Robert Brody of Los Angeles is proposing the business in a 4,000-square-foot vacant warehouse and office building, writes The Tribune’s Bob Cuddy. He pitched his project Monday to a county land use subcommittee, and it’s scheduled to go before the South County Advisory Commission next week.

The dispensary proposal could end up at the county Planning Commission and eventually at the Board of Supervisors.

Home to some 14,000 people, Nipomo sits between Pismo Beach and Santa Maria in southern San Luis Obispo county. Brody told The Tribune he believes there are many people in the community who need the relief that medical marijuana can bring — people undergoing chemotherapy or suffering from glaucoma, for example.

“There are many people who can use it,” Brody said.

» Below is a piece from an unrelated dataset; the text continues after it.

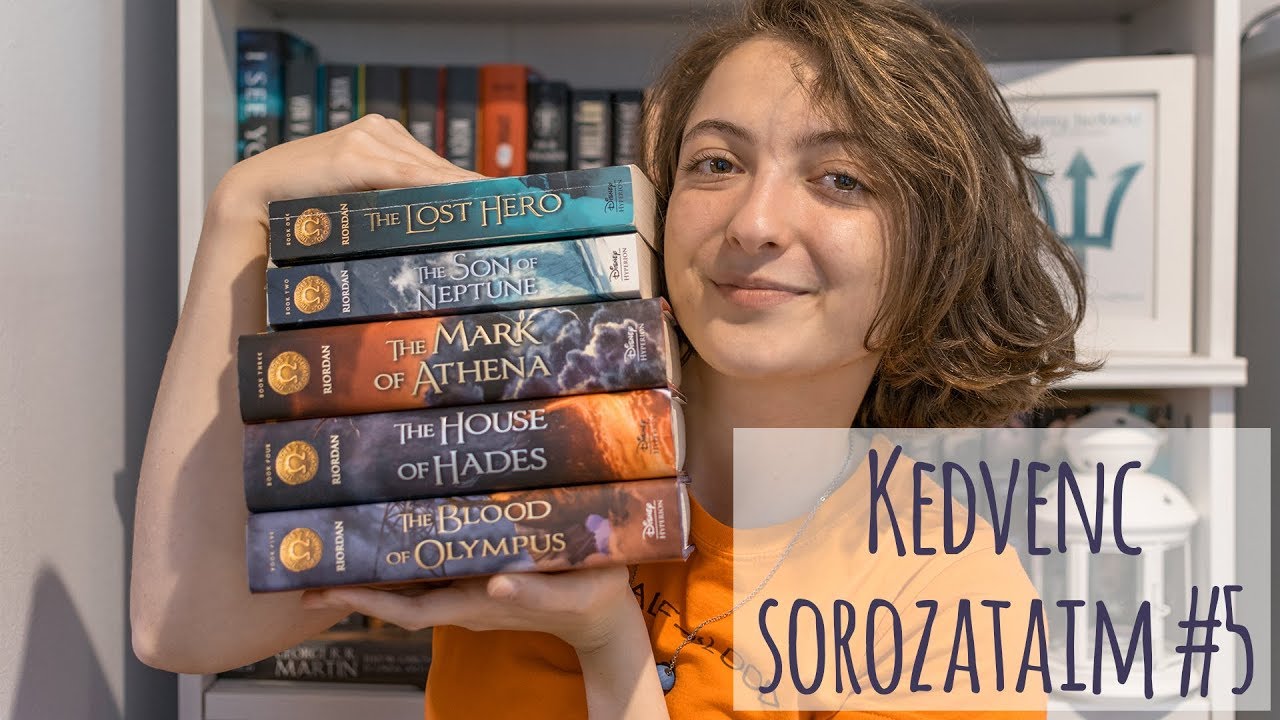 Kedvenc sorozataim #5 | Rick Riordan: Az Olimposz hősei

He added that the product is not always sold in a form that requires smoking — it can be turned into food, which helps older folks who do not want to inhale smoke. And the alternative — a drug known as Marinol that contains the same ingredients — costs $30 a pill, he said.

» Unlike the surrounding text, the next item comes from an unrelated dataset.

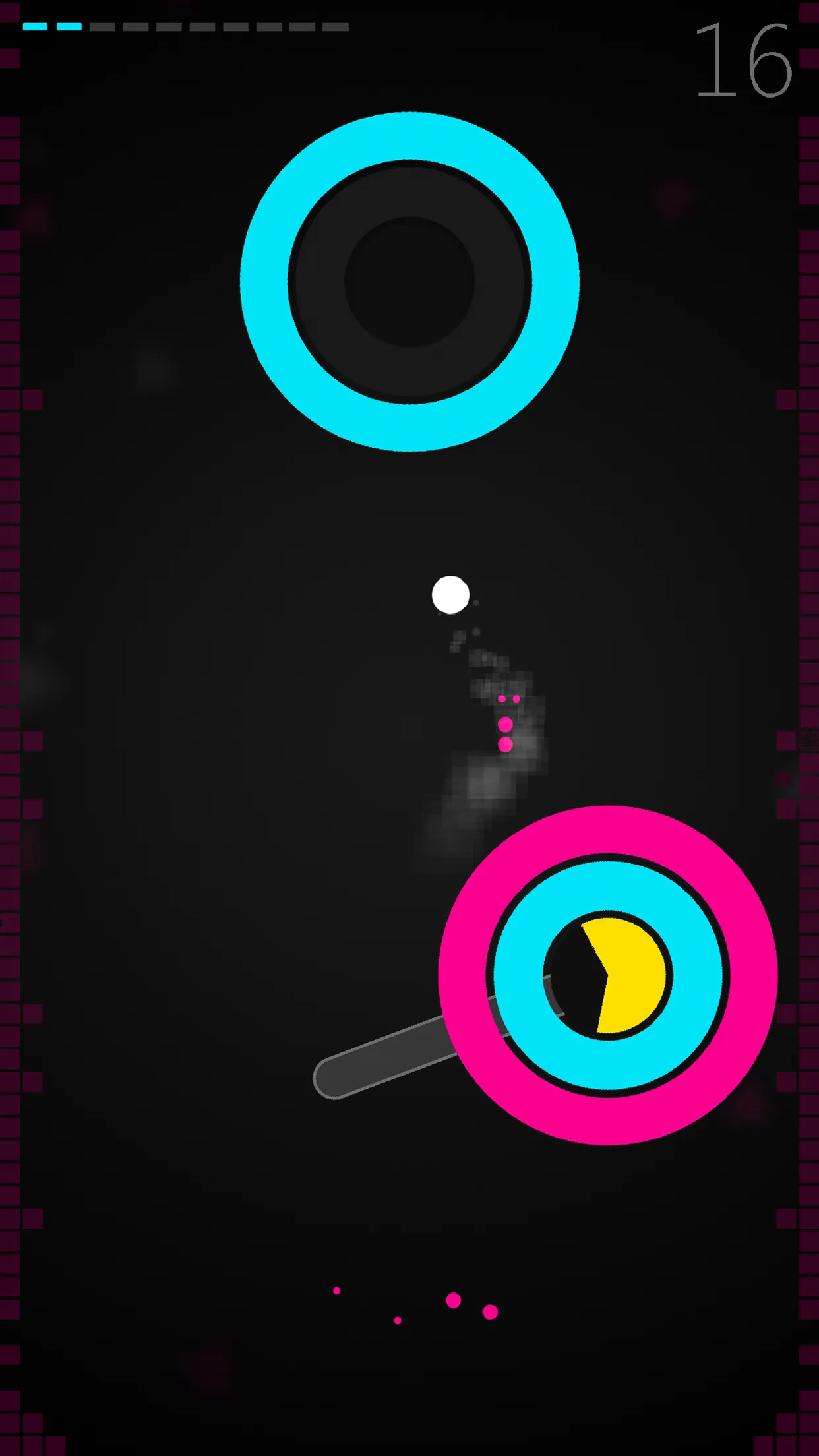 Super Circle Jump | Indus Appstore | Screenshot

Brody called the notion that medical marijuana dispensaries attract gangs “old wives’ tales.”

He said he is a retired businessman and this is his only would-be dispensary.

However, Guy Murray, a Nipomo attorney, said he and 30 to 40 other Nipomo residents opposed the dispensary when it went before the subcommittee. He said the community is the wrong place for it.

Murray said he was not arguing the medical merits for or against marijuana as a treatment. However, he noted that there is a conflict between state and federal laws on the narcotic’s legality.